Indian rhythmic gymnast

Akshata Shete (born 1991) is an Indian former rhythmic gymnast. She competed at the World Championships in 2009 and 2010 and represented India at the 2010 Commonwealth Games. After she retired, she became a judge and founded the Bombay Physical Culture Association Rhythmic Club in Mumbai. She is a recipient of the Shiv Chhatrapati Award.

== Education ==
She earned her bachelor's degree in commerce (B.Com.) from R.A. Podar College. She then earned her MBA from Amity Global Business School during 2012–2013 and later on went to do a Post Graduation Diploma in Sport Management from International Institute of Sports Management, Mumbai.

== Gymnastics career ==

In 2009, Shete competed at her first World Championships in Mie, Japan as part of the first team of Indian gymnasts to compete at a Rhythmic Gymnastics World Championships. Due to the poor funding of the sport in India, the team's equipment did not meet international standards, and Shete and her teammates bought a set of equipment at the venue to share. Shete finished in 135th place.

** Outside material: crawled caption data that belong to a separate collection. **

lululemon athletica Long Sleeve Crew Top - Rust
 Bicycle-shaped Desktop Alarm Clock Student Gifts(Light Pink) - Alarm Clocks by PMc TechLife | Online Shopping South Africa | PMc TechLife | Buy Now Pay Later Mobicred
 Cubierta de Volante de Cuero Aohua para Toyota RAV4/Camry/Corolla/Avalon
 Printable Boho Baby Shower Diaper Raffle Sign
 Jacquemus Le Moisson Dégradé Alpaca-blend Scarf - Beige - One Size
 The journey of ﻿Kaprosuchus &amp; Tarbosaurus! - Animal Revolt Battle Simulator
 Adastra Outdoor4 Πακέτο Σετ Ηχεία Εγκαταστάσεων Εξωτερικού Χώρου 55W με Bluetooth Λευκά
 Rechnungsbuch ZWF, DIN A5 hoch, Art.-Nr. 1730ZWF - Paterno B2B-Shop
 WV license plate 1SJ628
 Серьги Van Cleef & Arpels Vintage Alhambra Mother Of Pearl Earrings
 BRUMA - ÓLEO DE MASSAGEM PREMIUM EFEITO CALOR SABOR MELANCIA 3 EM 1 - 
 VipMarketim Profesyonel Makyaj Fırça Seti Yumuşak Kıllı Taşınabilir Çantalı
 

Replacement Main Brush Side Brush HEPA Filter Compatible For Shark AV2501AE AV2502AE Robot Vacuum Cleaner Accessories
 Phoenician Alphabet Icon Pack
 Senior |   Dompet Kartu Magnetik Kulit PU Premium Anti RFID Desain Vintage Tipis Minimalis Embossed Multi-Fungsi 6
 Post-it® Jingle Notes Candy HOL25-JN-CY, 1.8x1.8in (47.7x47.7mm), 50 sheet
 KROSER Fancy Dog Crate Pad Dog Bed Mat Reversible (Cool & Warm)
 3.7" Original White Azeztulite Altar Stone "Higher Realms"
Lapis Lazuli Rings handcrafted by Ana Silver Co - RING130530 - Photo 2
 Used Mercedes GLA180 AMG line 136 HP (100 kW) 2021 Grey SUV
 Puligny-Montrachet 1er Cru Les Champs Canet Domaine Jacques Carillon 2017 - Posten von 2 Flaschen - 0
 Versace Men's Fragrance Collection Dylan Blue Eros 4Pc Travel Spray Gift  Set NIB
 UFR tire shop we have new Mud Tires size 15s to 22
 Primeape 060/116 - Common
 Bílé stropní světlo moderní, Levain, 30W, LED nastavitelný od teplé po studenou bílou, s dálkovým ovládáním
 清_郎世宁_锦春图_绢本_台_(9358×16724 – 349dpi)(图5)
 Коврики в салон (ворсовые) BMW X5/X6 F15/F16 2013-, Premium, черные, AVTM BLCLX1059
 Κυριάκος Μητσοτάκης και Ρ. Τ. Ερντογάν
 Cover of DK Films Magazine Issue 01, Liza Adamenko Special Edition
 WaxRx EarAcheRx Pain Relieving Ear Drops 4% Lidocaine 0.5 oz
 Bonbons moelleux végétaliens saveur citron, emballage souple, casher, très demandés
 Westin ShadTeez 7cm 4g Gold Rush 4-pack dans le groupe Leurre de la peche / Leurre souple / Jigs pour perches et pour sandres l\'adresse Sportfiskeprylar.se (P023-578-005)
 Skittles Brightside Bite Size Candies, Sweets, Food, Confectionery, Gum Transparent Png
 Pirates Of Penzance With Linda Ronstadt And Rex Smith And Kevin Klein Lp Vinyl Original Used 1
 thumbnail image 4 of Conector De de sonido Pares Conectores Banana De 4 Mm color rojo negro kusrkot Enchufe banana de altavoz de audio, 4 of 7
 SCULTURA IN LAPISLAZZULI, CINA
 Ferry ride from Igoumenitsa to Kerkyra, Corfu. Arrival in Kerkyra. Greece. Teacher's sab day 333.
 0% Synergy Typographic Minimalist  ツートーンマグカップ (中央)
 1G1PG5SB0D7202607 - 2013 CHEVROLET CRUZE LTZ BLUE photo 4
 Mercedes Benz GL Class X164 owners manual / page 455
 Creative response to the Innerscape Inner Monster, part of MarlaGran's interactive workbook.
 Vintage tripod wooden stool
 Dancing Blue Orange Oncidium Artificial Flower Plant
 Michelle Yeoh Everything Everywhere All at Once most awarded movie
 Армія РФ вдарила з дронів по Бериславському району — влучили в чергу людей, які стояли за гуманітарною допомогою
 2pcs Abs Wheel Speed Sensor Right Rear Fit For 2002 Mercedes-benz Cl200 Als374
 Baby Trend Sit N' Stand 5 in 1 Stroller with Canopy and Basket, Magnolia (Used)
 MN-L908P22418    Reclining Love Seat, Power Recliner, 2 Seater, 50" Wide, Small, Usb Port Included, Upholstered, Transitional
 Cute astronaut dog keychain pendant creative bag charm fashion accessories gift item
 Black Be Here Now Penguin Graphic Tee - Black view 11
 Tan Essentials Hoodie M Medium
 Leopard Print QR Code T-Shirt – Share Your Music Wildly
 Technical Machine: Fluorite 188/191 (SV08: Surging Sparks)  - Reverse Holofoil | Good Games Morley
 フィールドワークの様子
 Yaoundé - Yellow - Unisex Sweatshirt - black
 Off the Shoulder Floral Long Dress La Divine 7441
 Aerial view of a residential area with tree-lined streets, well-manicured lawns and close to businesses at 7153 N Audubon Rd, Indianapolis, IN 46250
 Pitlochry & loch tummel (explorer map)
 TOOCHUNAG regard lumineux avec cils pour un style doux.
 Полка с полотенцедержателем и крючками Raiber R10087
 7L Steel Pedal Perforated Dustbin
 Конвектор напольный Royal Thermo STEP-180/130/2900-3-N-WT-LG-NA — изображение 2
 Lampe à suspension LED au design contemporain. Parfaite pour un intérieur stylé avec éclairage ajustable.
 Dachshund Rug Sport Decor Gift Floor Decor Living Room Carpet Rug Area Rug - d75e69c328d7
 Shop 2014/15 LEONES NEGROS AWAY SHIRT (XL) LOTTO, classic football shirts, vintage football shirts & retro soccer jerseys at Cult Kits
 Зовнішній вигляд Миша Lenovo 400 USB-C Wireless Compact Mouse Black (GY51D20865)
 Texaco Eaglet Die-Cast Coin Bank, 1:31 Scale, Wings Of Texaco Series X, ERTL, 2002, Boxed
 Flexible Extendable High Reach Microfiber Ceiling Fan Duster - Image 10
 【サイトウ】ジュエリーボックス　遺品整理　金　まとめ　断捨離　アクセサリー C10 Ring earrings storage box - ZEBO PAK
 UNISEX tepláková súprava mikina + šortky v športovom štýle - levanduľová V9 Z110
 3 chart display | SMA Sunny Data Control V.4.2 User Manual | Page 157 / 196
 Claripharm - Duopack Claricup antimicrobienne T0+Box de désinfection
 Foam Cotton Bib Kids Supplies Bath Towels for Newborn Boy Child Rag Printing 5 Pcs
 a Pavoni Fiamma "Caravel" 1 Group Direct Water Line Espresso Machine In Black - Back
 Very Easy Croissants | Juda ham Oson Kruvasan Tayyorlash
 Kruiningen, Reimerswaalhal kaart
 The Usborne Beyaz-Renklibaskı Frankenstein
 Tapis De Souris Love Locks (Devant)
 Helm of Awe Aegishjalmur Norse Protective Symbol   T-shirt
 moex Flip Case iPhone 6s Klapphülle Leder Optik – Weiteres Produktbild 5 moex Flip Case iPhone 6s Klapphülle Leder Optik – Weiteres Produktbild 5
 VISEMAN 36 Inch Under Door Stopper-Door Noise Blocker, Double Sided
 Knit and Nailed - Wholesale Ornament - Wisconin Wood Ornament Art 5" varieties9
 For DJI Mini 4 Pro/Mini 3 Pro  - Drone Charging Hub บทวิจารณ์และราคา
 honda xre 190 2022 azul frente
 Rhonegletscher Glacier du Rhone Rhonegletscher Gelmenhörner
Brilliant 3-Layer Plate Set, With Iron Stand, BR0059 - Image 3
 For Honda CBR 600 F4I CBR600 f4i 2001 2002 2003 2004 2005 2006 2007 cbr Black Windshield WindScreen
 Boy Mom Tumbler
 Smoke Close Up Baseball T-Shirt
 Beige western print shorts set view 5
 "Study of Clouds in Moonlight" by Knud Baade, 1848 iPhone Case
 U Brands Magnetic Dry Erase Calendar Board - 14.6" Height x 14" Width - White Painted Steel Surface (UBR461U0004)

In 2010, Shete and several teammates spent a month at a training camp in Moscow ahead of the 2010 World Championships, where she again represented India. She was also selected to compete at the 2010 Commonwealth Games, which took place in Delhi, along with Kshipra Joshi and Pooja Surve.

== Post-gymnastics career ==
After finishing her gymnastics career, Shete opened her own club and works as a coach. She also trained as a judge and has judged at international competitions. In 2019, she was elected for a four-year term to the technical committee of the Asian Gymnastics Union.